Чем всё это кончится для Ксении Собчак, я не знаю. Но мне кажется, что пора остановиться. Уже почти поздно, потому что несет уже за такие берега, за такие кручи. ... болевой порог снижают у так называемого «своего» зрителя, читателя. Когда они пытаются доказать, что всё можно. В данном случае, мне кажется (сюда как раз очень хорошо можно пристегнуть Сашу Сулим), вопрос целеполагания: зачем ты это делаешь и как ты это делаешь.
К. Ларина; Люди хотят видеть!
И. Петровская; Да, это люди, именно! Они всё время путают курицу и яйцо, спрос и предложение. «Люди хотят! Если бы они не стали это смотреть, конечно, мы бы не стали это делать». И поэтому телевизор, о чем я и пишу в своей колонке, в общем-то, первым начал разрабатывать эту золотоносную жилу. И маньяки там — маньяки, уроды, душегубы, подонки, выродки — сыпались там как из рога изобилия. Я даже кое-что пересмотрела.
Ира, чтобы не пересказывать, внятно объясни тем, кто не понимает: а что такого? Что не так, скажи!
И. Петровская; Очень коротко: что не так. Муж Ксении Собчак Богомолов попытался объяснить, что это очень важная для общества попытка исследовать границы добра и зла и объяснить всем нам, как обыденно зло. Это такая популярная формулировка — банальность зла, обыденность зла. И прекрасный вывод: все мы эти Моховы. Или, по крайней мере, у нас рядом на лестничной клетке живет такой Мохов, а мы просто его не видим или боимся себе признаться.

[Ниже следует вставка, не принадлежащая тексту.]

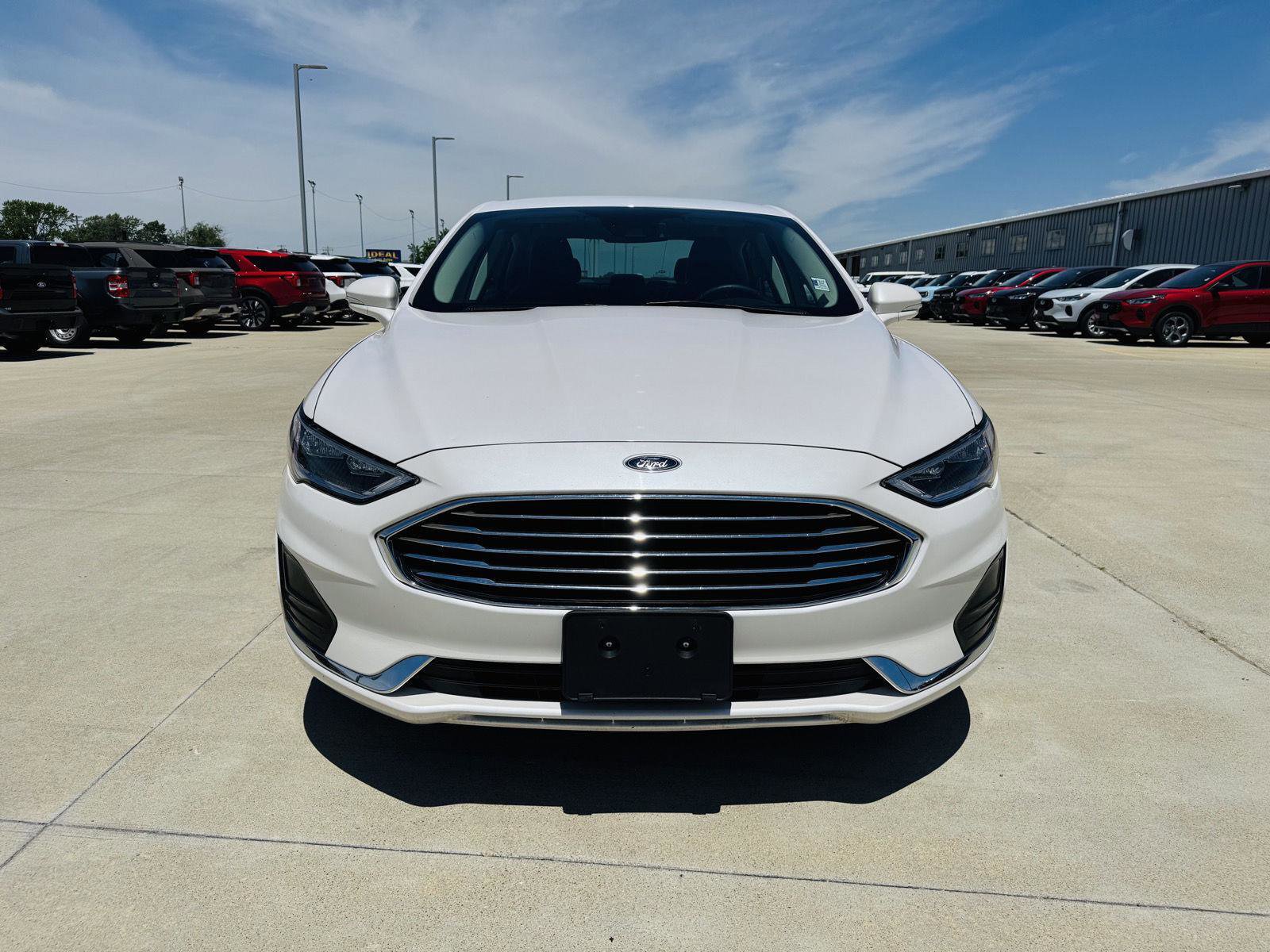 Used 2020 Ford Fusion SEL FWD image 31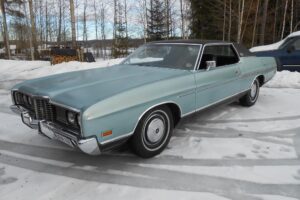 Ford LTD Brougham 2dHT –72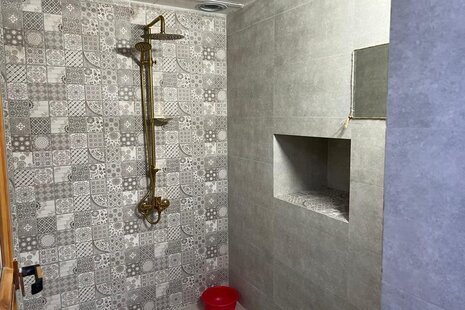 اتاق سنتی شبستان در اقامتگاه بومگردی شاهین شهر و میمه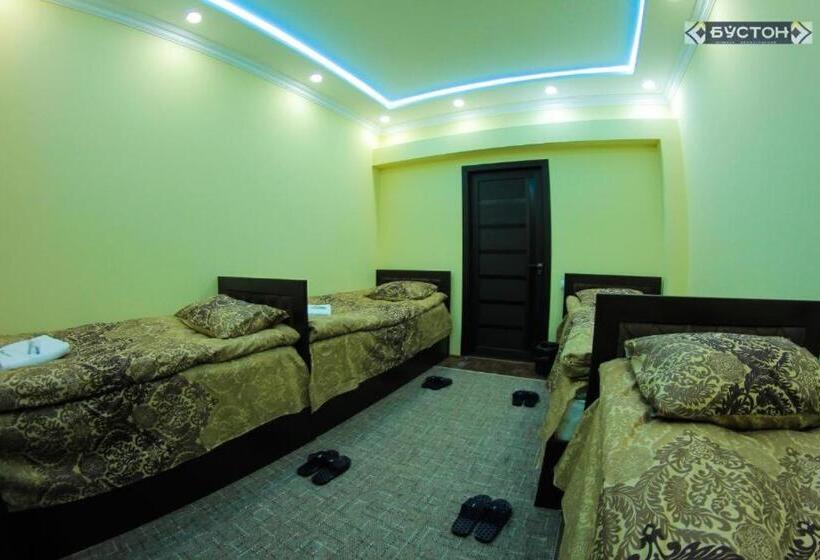 تختخواب در اتاق مشترک, Hostel Buston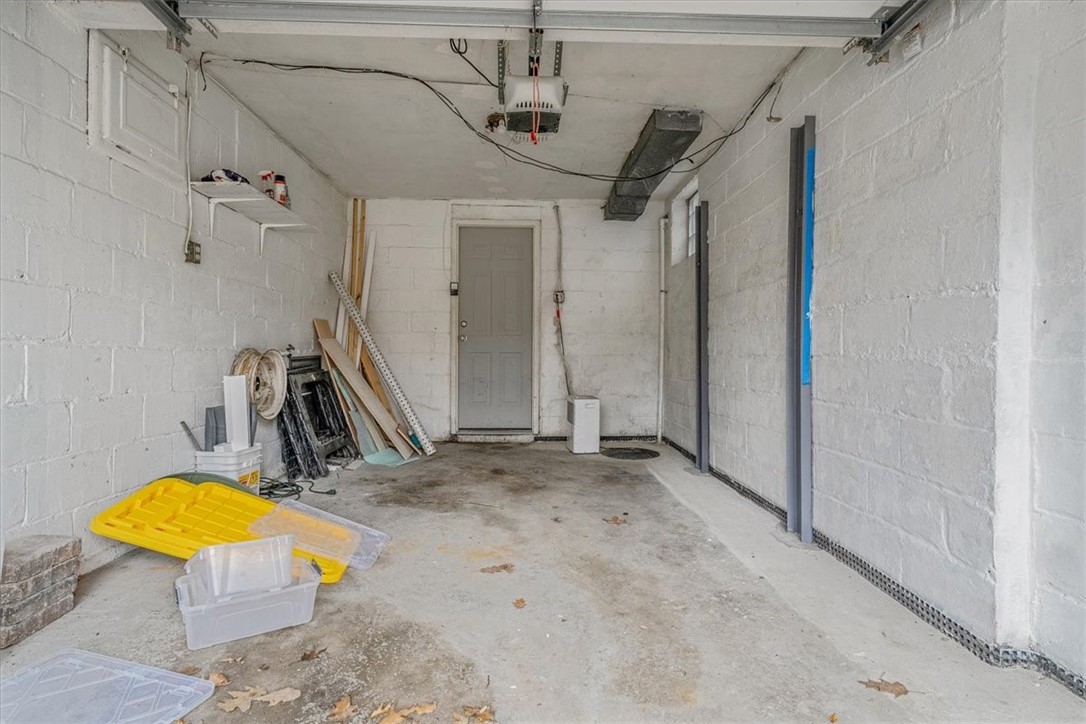 4018 Meadowbrook Blvd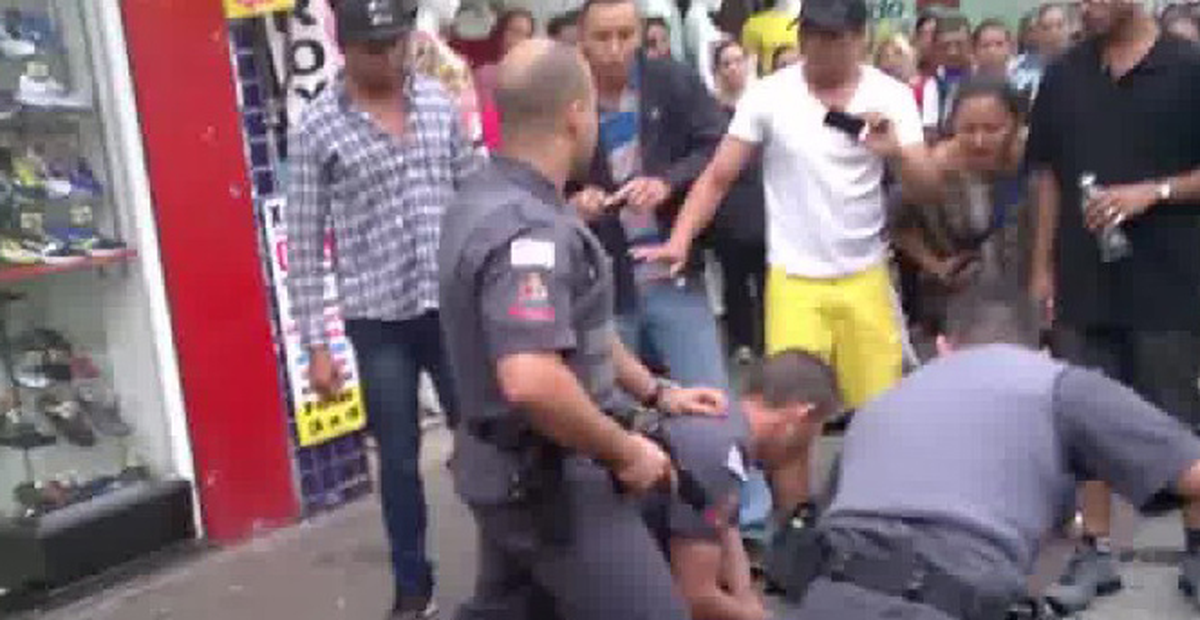 Polis, Silahı Ağzına Sokup Ateşledi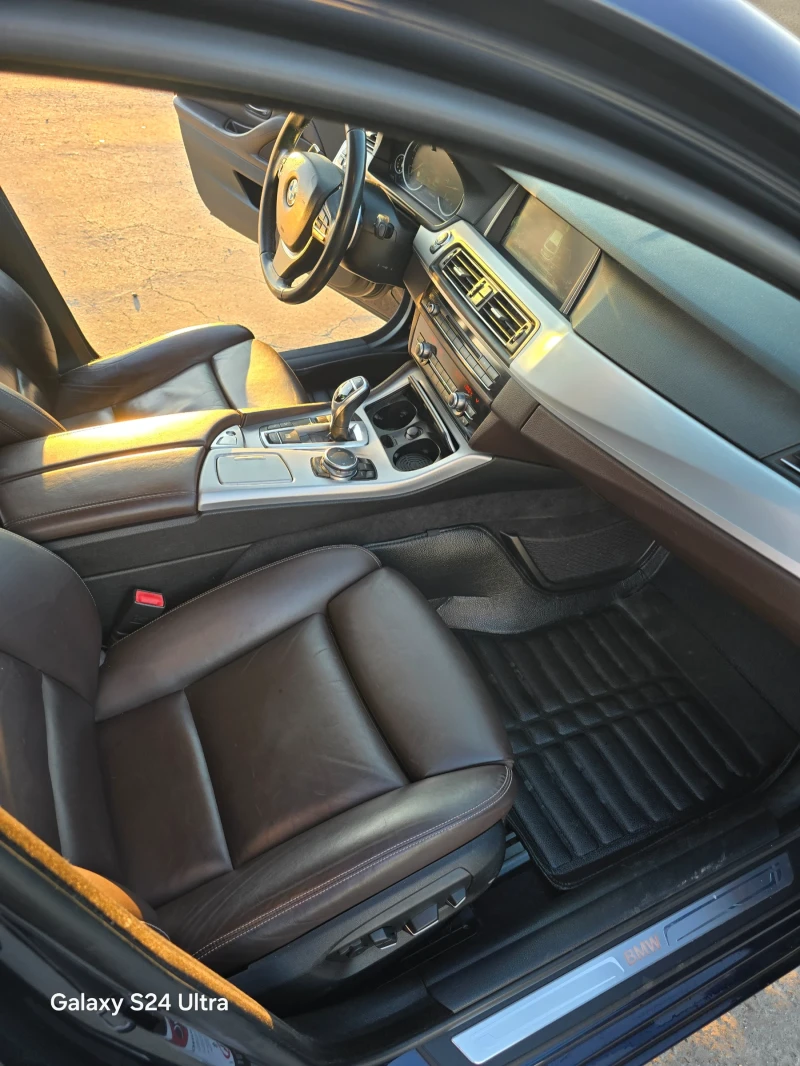 BMW 535 D LUXURY/4x4/HEAD UP/Нави/Подгрев/Обдух/кожа Mocca, снимка 7 - Автомобили и джипове - 52450138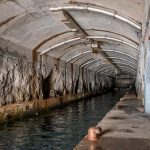 Тоннель - укрытие для подводной лодки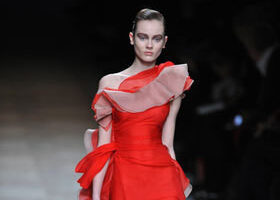 Spécial défilés : chez Valentino, nous avons adoré…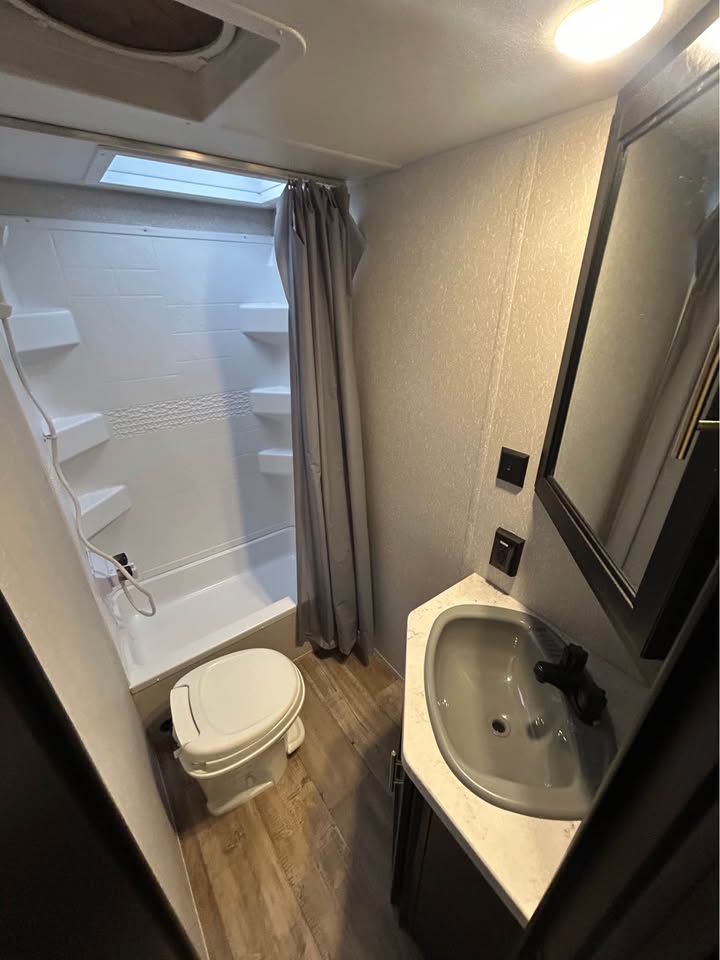 #8116 | 2021 FOREST RIVER Cherokee Grey Wolf Limited 27DJSE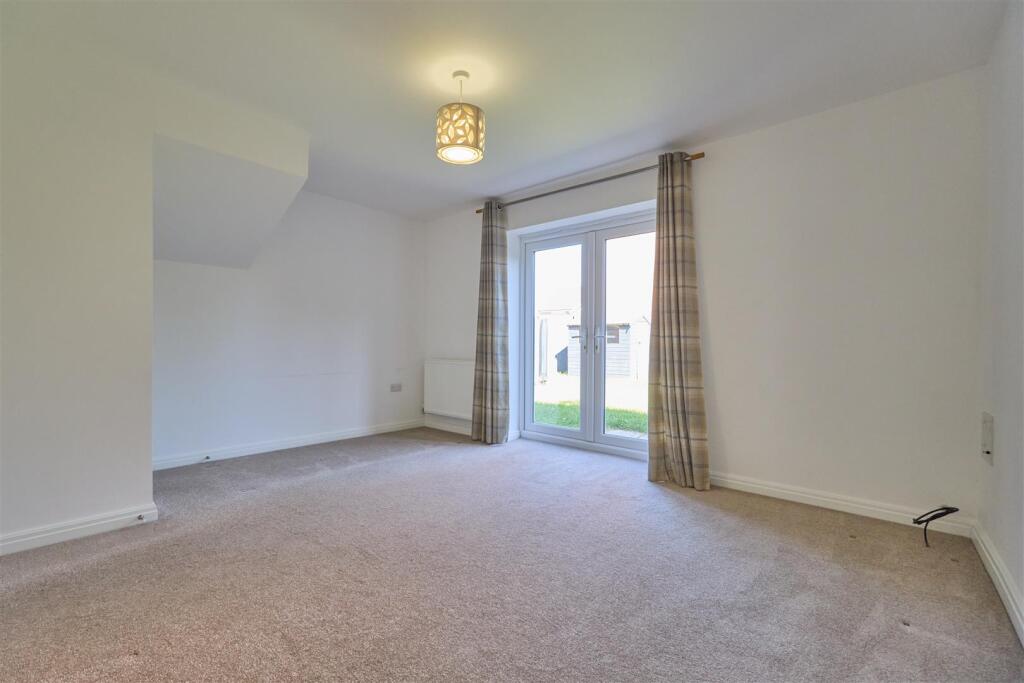 Rear Lounge/Dining Room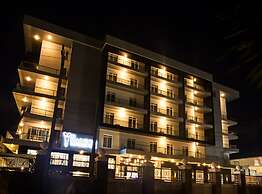 De Phantom Continental Hotel Lekki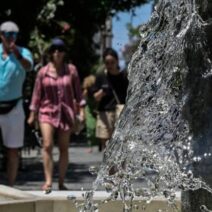 Αχαΐα: Ζεστός ο καιρός σήμερα στην περιοχή με πρόσκαιρες νεφώσεις 2 Νερό αναβλύζει από σιντριβάνι σε ηλιόλουστο τοπίο, με ανθρώπους να…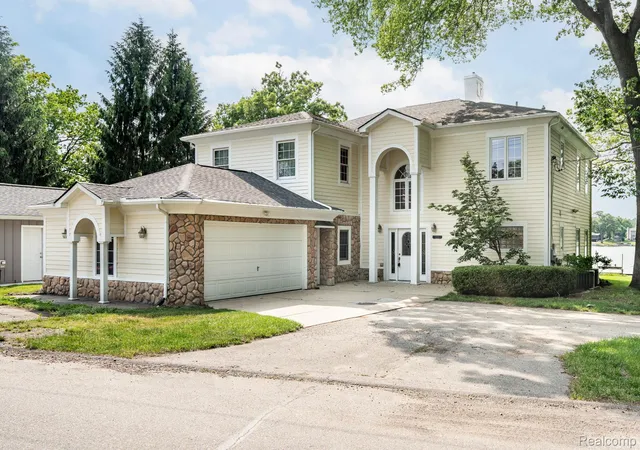 Photo 3 of Single family home for sale at 3831 Woodland Dr, Highland, MI 48356 | MLS# 20261043297 | Listing updated on 2026-08-04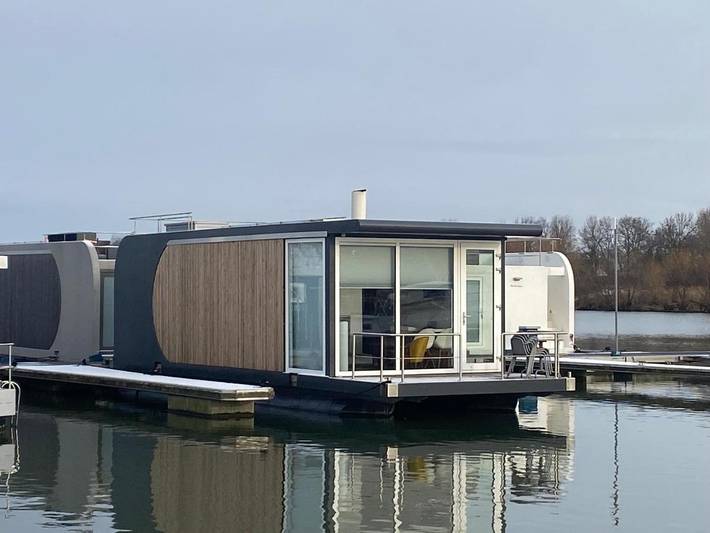 Ferienwohnung für 5 Personen, mit Balkon und Terrasse sowie Garten und Seeblick in Maastricht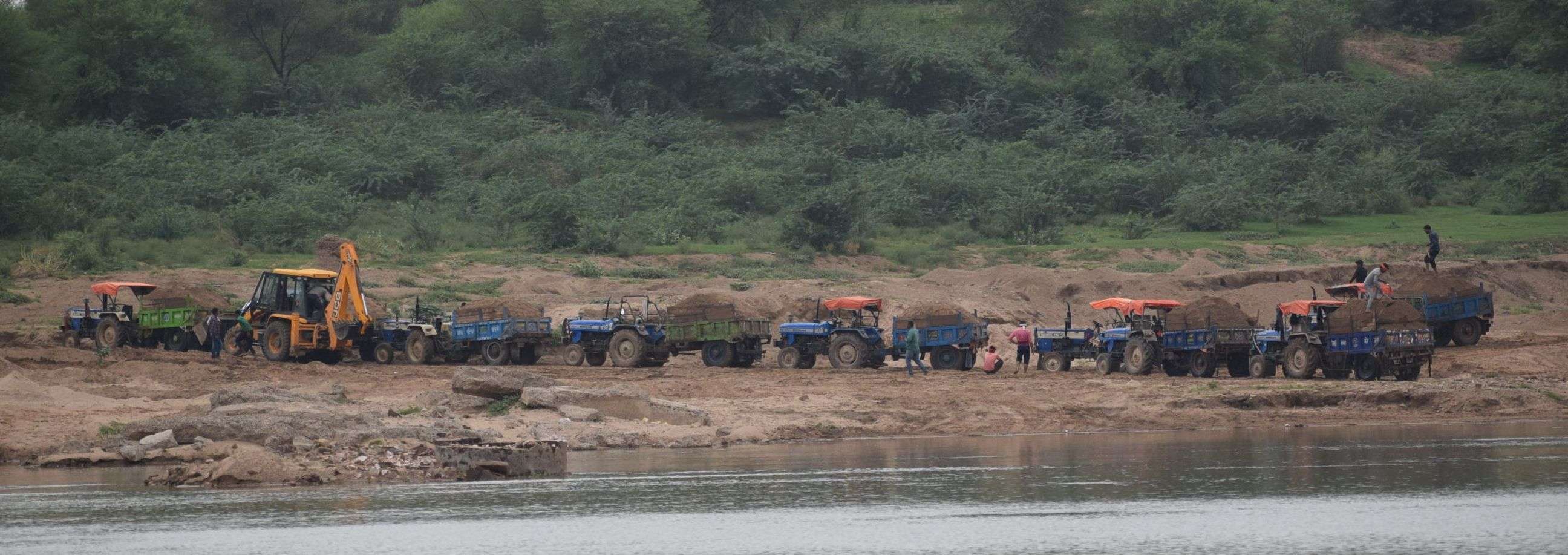 Where there is a Crocodile, illegal gravel mining .. see in pictures Where there is a Crocodile, illegal gravel mining .. see in pictures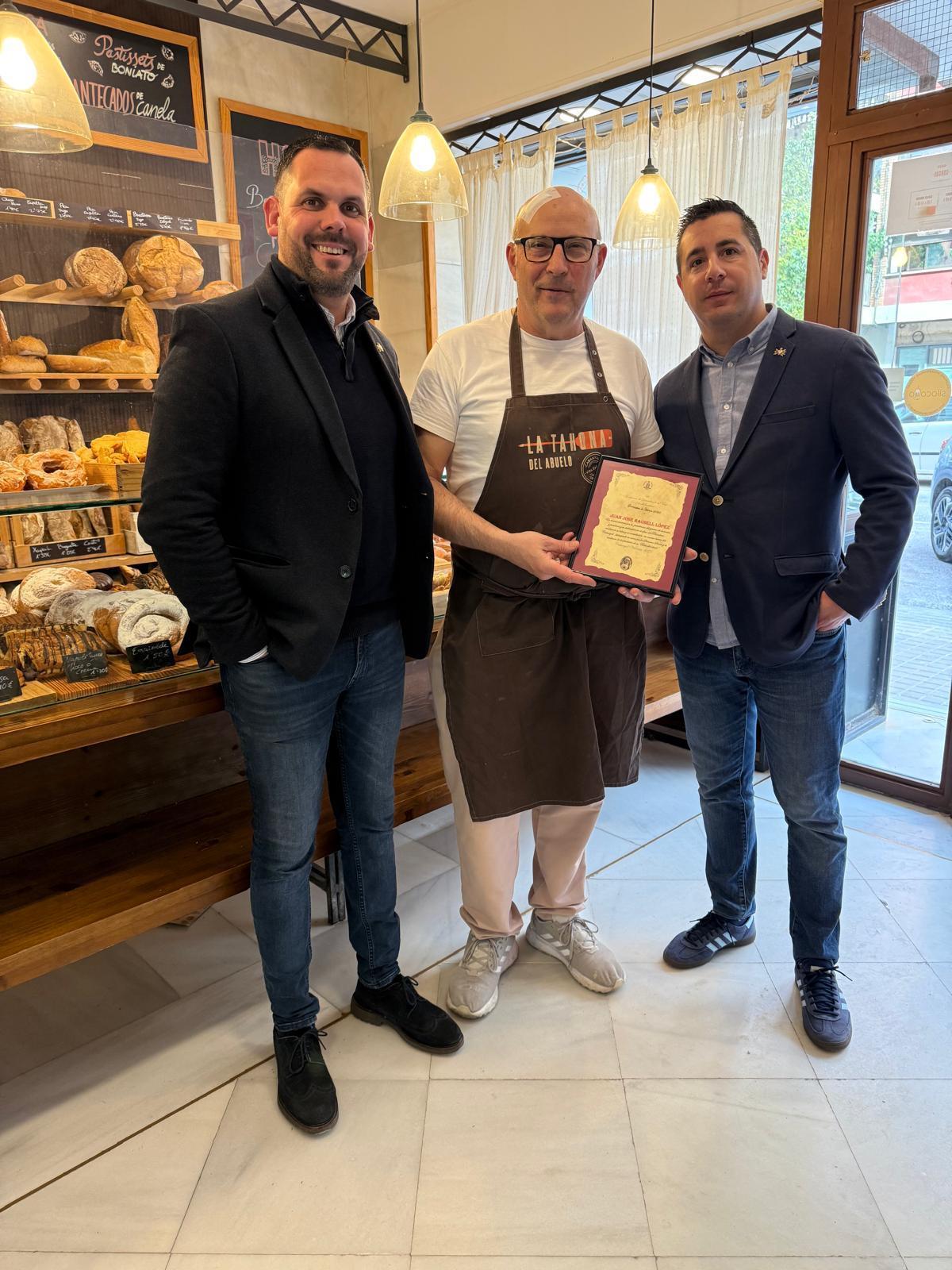Juanjo Rausell, del Gremi de Forners, con su reconocimiento.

Мне кажется, это абсолютное лукавство, лицемерие и подмена понятий. Потому что, во-первых, это исключительное явление — этот Мохов. И Ксения не исследует границы между добром и злом. Она оставляет добро за порогом и идет на территорию зла.
К. Ларина; Еще хочет ему понравиться.
И. Петровская; Именно! Благодаря такой абсолютной обыденности разговора о том о сём… Мы сексуальное насилие в извращенной форме называем сексом. Любовью мы это называем, всё время подменяя понятия.
К. Ларина; Спрашивает: «В какой позе вы это делали?».
И. Петровская; Это вообще омерзительно. Из-за этого она легализует это зло и делает его обыденным. И поэтому права тетенька, которая говорит: «Но он же не убил». И он говорит: «Я же мог убить, но я не убил». И смакование всех этих подробностей… Это не исследование — это смакование.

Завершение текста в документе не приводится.